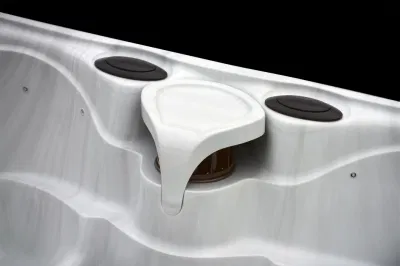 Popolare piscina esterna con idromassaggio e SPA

==

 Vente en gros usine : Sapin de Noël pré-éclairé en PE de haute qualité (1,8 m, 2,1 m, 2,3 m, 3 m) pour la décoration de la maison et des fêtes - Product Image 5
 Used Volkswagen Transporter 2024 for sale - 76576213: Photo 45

...

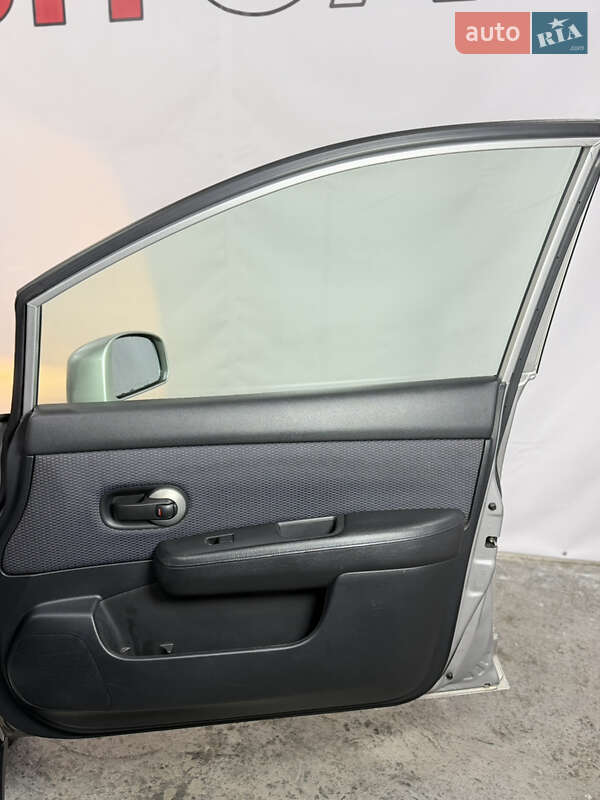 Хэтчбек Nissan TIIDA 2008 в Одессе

PROBLEM TO SOLVE:
Start with the line above that contains "Vente en gros" and stop after the line that contains "Used Volkswagen Transporter". Output those lines exactly, and only those.

RESPONSE AREA:
 Vente en gros usine : Sapin de Noël pré-éclairé en PE de haute qualité (1,8 m, 2,1 m, 2,3 m, 3 m) pour la décoration de la maison et des fêtes - Product Image 5
 Used Volkswagen Transporter 2024 for sale - 76576213: Photo 45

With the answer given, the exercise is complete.